The traversers are used any time an XPath takes a step from one node to
the next. (Mostly in select patterns; match patterns are handled a bit
differently.)
The first() and next() methods of traversers come in two flavors. One is
used when we don't care what kind of node it will be -- eg, when the XPath
step is node(), or when we're skipping nodes with //. Or when we're
processing all children of the current node.
The other flavor of first()/next() is used for any XPath step which cares
about the node type and/or node name. If an index is available, this will
try to take advantage of it to quickly jump to the next matching node;
otherwise it walks all nodes in that axis, testing every one until it
either finds one that matches or runs off the end of the axis.

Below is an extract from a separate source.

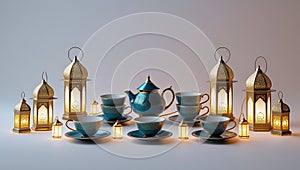 Traditional Arabic Tea Set with Lanterns on White Background, Warm and Inviting Atmosphere photo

The traversers are used by the iterators, and the iterators are the core
of how we've implemented XPath -- so this code can get pounded on pretty
heavily.
If your stylesheet has relatively few, simple, general, and local selects,
the indexes may not be buying you much. If you're doing a lot of longer
jumps around your document, the indexes may improve performance
considerably. Consider the case of a document such as
<doc>
<chapter>containing many sections, paragraphs, images,
etc.</chapter>
... many of these chapters ...
</doc>
Now let's say you want to build a table of illustrations, an index, etc.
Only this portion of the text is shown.